(Beginning of TASK DATA)
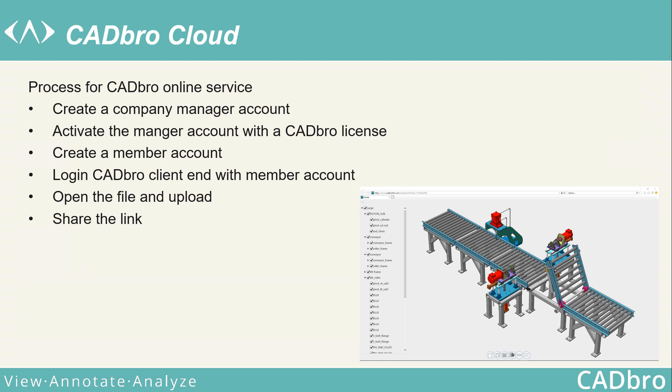CADbro Cloud. CADbro Cloud can help you manage and share 3D files in any place with any device. With CADbro, you can optimize the communication and efficiency in your daily work.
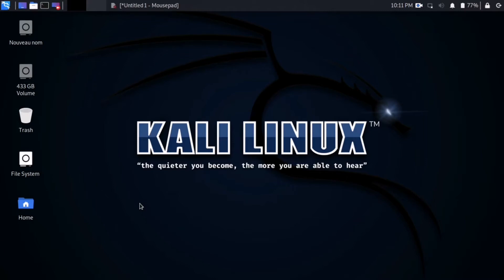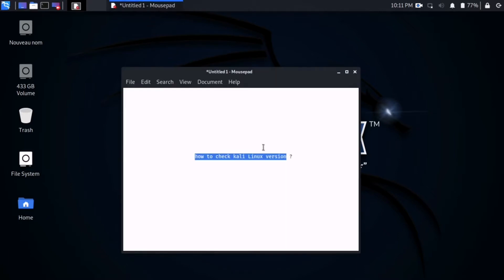Hello friends, on this video we gonna simply get the Kali Linux version with one simple command. So this is how you can know your Kali Linux version.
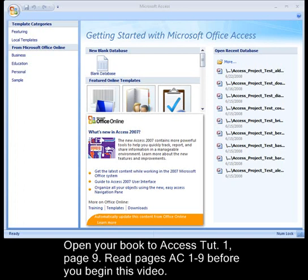Access Database Tutorial 1. Please be sure that you have read through session 1.1 in your textbook beginning on AC2, and that you have an understanding of what a database is.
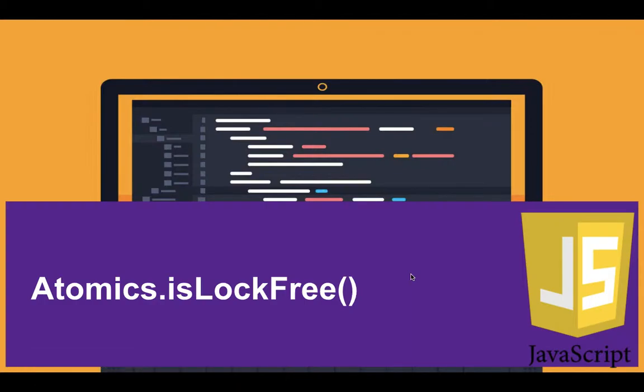Hey, how's it going? Asad here. In this lecture I'm going to teach you about isLockFree.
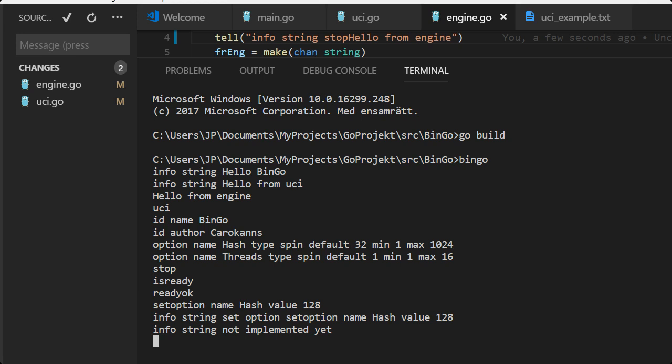We say set options. What's happened here is that the GUI gets two options, hash and threads, and the user who uses the GUI has the opportunity to set hash and threads. If they do that, it will come back here as set options. If it's not default values, if the user doesn't change anything, the default values will be the one we use. Not implemented yet and that's okay. And quit, the program quits and we are happy.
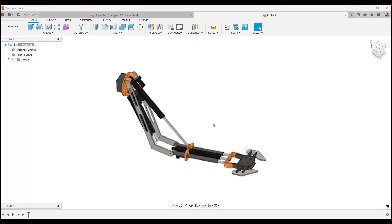When you're starting out in Fusion 360 and you want to build something like this robot arm, does this take a bunch of commands and knowing advanced features? No.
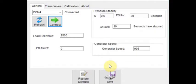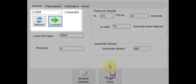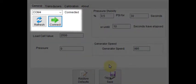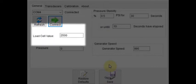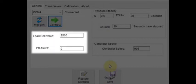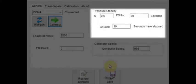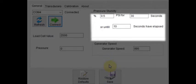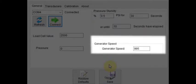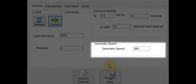In the settings menu we can find various parameters to configure for an auto-test. In the top left section, we can configure the communication port that will provide communication between the software and the machine. Below this we can set a load cell value as well as the pressure. In the top right section of the menu we can set pressure stability parameters. Here we can dictate the percent movement in PSI for a duration that will deem the pressure stabilized. Below this we can set the generator speed.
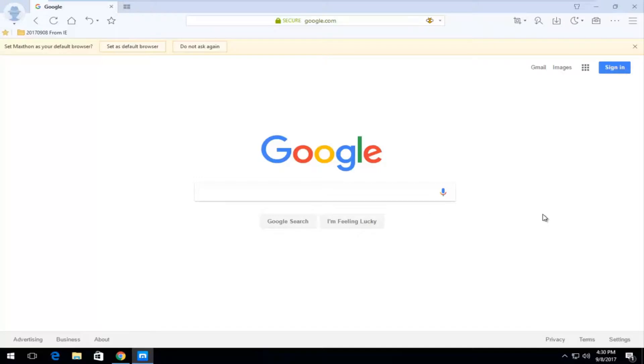The first thing you want to do is open up the web browser itself. And then once you're on whatever your homepage is,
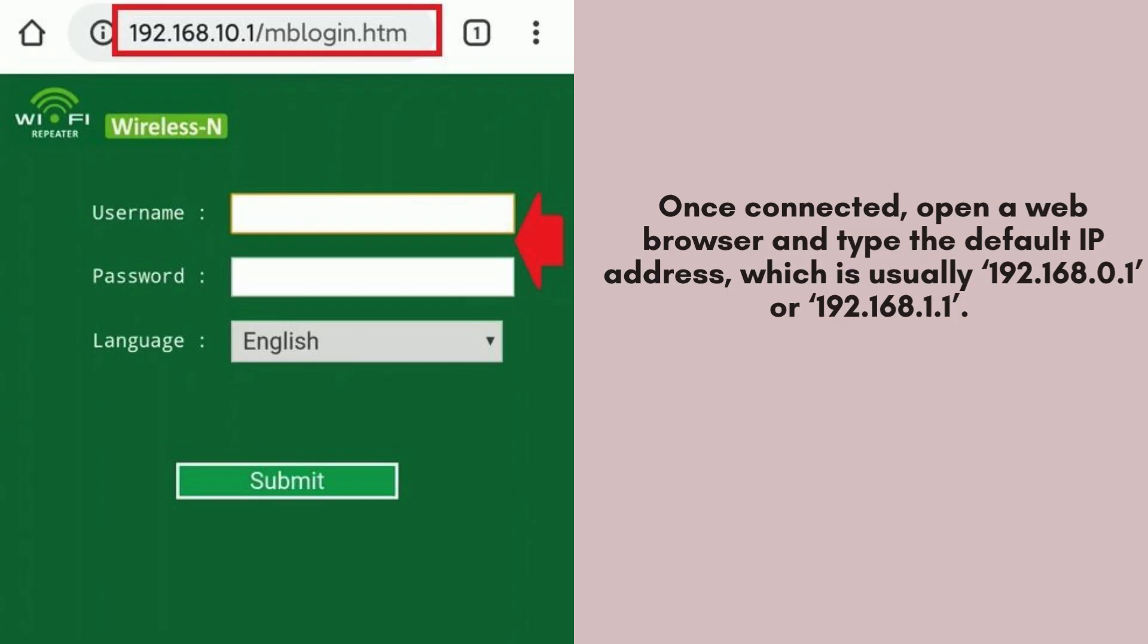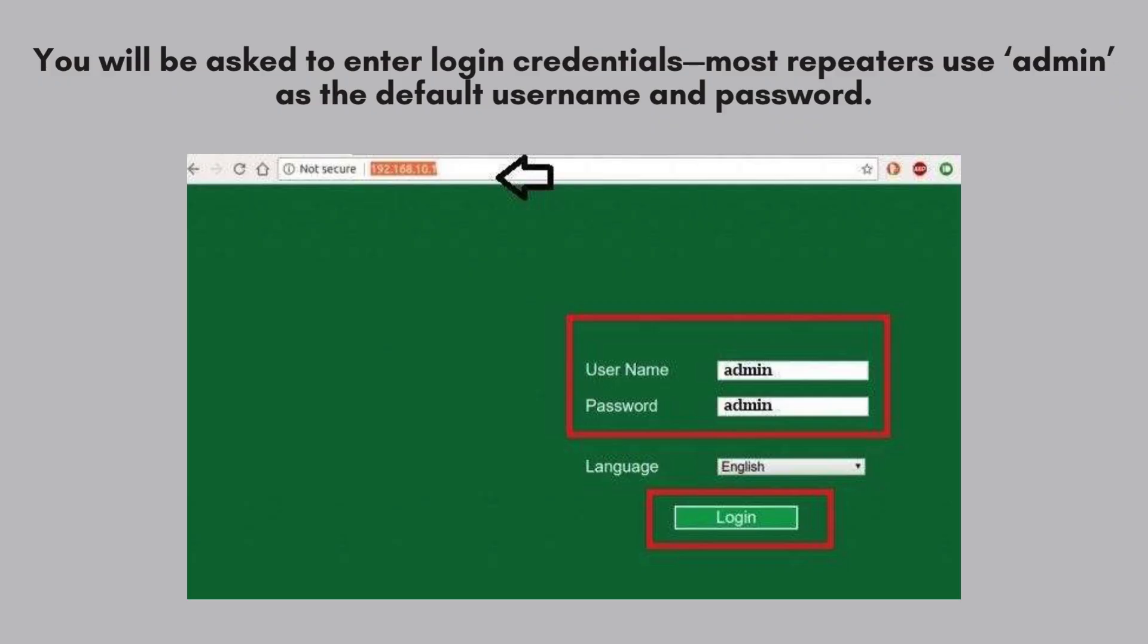Once connected, open a web browser and type the default IP address, which is usually 192.168.0.1 or 192.168.1.1. Check your repeater's manual for the correct details. You'll be prompted to enter login credentials to access the setup page.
(End of TASK DATA)
GOAL OF THE EXERCISE
Only the lines from the start of the records to the one containing "Hello friends, on" should be repeated, exactly and with both ends kept; drop any pictures.

TASK RESPONSE
CADbro Cloud. CADbro Cloud can help you manage and share 3D files in any place with any device. With CADbro, you can optimize the communication and efficiency in your daily work.
Hello friends, on this video we gonna simply get the Kali Linux version with one simple command. So this is how you can know your Kali Linux version.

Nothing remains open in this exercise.